What is our primary use case?
I built an AI chatbot application that communicates with users. The use case involved converting speech to text using Microsoft Azure Speech Service.
For example, our voice is converted into a text using Microsoft Azure Speech Service, then that text is sent to OpenAI's API, and the response was sent back to Microsoft Service for text-to-speech conversion. Essentially, it facilitated speech-to-text and text-to-speech communication.
How has it helped my organization?
For my workflow, I used speech as input to the AI. What I spoke was converted to text, and then that text was provided to the AI chatbot. Based on the input, the chatbot gave a response, and then that response was again converted to speech.
The chatbot answered in English, so the words were proper. Whatever the chatbot responded with, the text would be converted to speech. The issue, if any, would be mainly because the speech service might not be able to accurately predict what the user spoke.
For example, if I am speaking a sentence, then based on my tone or the way I am speaking, there might be a case where the speech service won't properly comprehend my words and send an incorrect text to the chatbot. If the text is wrong, then there are chances that the output generated by the chatbot would be wrong, and ultimately, the result would be not as expected.
So the main concern is that this service should correctly convert the speech or voice of the user into text.
What is most valuable?
The simplicity impressed me the most. We just needed a single API key. The documentation was also great.
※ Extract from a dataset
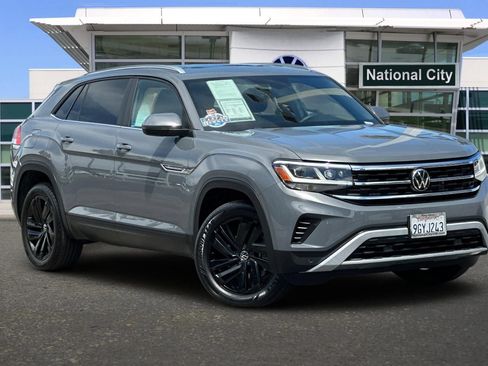 Used 2023 Volkswagen Atlas Cross Sport SE w/ Panoramic Sunroof Package AWD/4WD image 2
I developed the AI application using Unity, a game engine that uses C#. Then, I searched online for instructions on how to use it. I found Microsoft's GitHub repository, which provided the necessary code for integrating the Speech Service into Unity with C#. The ease of use and the availability of documentation made the process smooth and impressed me the most.
The documentation and boilerplate code [a template of code] was available, which I incorporated into my application with modifications. Initially, the code functioned so that when a button was clicked, the microphone would activate and recognize my speech.
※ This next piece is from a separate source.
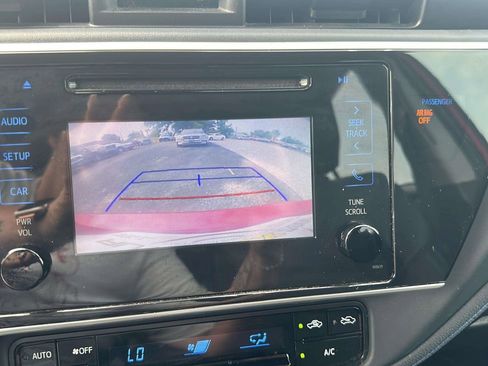 Used 2018 Toyota Corolla SE FWD image 20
One of the benefits was the ability to see my spoken words visually on the screen as I spoke. For example, if I said "I am Abhishek Rana," I could see the sentence appear in real-time. When I stopped speaking, it automatically recognized the silence and ceased, sending the text for further processing. So, the real-time translation feature has helped me a lot.
What needs improvement?
For general use cases and vocabulary used in normal, everyday language, it was able to recognize those. However, it can improve based on the native language. Apart from English, other languages and even complex words in English, there is definitely room for improvement.
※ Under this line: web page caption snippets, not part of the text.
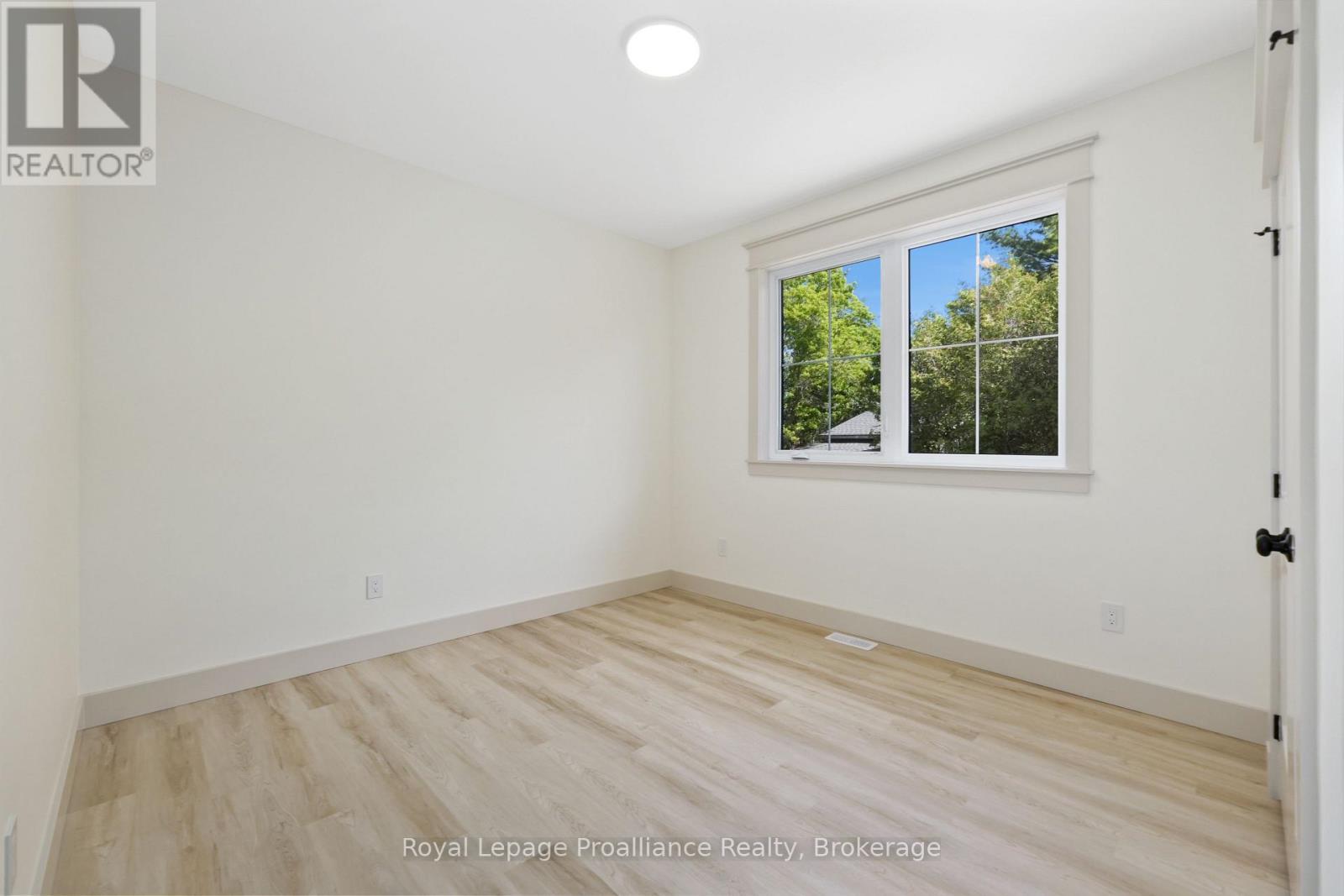 












34 HOLLINGSWORTH STREET

,
Cramahe (Colborne),




Ontario
K0K1S0

For how long have I used the solution?
I used it for around two months while developing an AI application for a particular project.
What do I think about the stability of the solution?
I didn't face any issues with the stability while using it, like with bugs or breakdowns. Mainly, like, when I started the service, each time I would turn on the application and speak something, it would be able to recognize it. There were just maybe certain time delays sometimes, but apart from that, it was functioning well.
I would rate the stability a nine out of ten.
What do I think about the scalability of the solution?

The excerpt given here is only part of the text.